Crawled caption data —
=== Begin Enclosure ===

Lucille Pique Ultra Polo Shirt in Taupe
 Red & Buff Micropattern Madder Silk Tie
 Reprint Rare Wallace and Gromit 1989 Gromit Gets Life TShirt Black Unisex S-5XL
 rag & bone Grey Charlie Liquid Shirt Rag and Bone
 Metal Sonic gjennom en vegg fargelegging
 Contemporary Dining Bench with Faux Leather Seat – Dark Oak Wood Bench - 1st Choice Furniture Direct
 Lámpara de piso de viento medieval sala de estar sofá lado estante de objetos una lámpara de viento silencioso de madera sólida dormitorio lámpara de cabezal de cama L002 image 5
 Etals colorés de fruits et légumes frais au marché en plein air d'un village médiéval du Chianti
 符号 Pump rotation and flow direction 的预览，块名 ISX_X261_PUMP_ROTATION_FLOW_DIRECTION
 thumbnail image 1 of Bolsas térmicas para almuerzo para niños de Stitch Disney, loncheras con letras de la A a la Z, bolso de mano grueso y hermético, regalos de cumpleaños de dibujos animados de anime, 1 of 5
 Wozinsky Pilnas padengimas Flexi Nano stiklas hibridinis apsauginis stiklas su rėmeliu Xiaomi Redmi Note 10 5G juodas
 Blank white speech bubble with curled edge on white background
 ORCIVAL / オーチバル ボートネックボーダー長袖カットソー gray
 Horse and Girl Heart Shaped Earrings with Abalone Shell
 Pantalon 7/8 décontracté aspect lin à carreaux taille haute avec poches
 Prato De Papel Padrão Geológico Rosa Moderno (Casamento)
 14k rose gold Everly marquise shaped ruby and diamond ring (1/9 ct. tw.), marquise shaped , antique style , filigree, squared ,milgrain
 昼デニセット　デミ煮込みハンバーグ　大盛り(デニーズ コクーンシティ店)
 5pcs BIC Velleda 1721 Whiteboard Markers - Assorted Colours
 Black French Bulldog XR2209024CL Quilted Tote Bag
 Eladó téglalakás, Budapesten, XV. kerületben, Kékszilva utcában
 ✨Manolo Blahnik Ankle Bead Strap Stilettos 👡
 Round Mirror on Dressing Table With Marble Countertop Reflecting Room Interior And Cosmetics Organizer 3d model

=== End Enclosure ===

Problem requirements — Each entry above is to be copied out exactly as written.

Answer to this problem —
Lucille Pique Ultra Polo Shirt in Taupe
 Red & Buff Micropattern Madder Silk Tie
 Reprint Rare Wallace and Gromit 1989 Gromit Gets Life TShirt Black Unisex S-5XL
 rag & bone Grey Charlie Liquid Shirt Rag and Bone
 Metal Sonic gjennom en vegg fargelegging
 Contemporary Dining Bench with Faux Leather Seat – Dark Oak Wood Bench - 1st Choice Furniture Direct
 Lámpara de piso de viento medieval sala de estar sofá lado estante de objetos una lámpara de viento silencioso de madera sólida dormitorio lámpara de cabezal de cama L002 image 5
 Etals colorés de fruits et légumes frais au marché en plein air d'un village médiéval du Chianti
 符号 Pump rotation and flow direction 的预览，块名 ISX_X261_PUMP_ROTATION_FLOW_DIRECTION
 thumbnail image 1 of Bolsas térmicas para almuerzo para niños de Stitch Disney, loncheras con letras de la A a la Z, bolso de mano grueso y hermético, regalos de cumpleaños de dibujos animados de anime, 1 of 5
 Wozinsky Pilnas padengimas Flexi Nano stiklas hibridinis apsauginis stiklas su rėmeliu Xiaomi Redmi Note 10 5G juodas
 Blank white speech bubble with curled edge on white background
 ORCIVAL / オーチバル ボートネックボーダー長袖カットソー gray
 Horse and Girl Heart Shaped Earrings with Abalone Shell
 Pantalon 7/8 décontracté aspect lin à carreaux taille haute avec poches
 Prato De Papel Padrão Geológico Rosa Moderno (Casamento)
 14k rose gold Everly marquise shaped ruby and diamond ring (1/9 ct. tw.), marquise shaped , antique style , filigree, squared ,milgrain
 昼デニセット　デミ煮込みハンバーグ　大盛り(デニーズ コクーンシティ店)
 5pcs BIC Velleda 1721 Whiteboard Markers - Assorted Colours
 Black French Bulldog XR2209024CL Quilted Tote Bag
 Eladó téglalakás, Budapesten, XV. kerületben, Kékszilva utcában
 ✨Manolo Blahnik Ankle Bead Strap Stilettos 👡
 Round Mirror on Dressing Table With Marble Countertop Reflecting Room Interior And Cosmetics Organizer 3d model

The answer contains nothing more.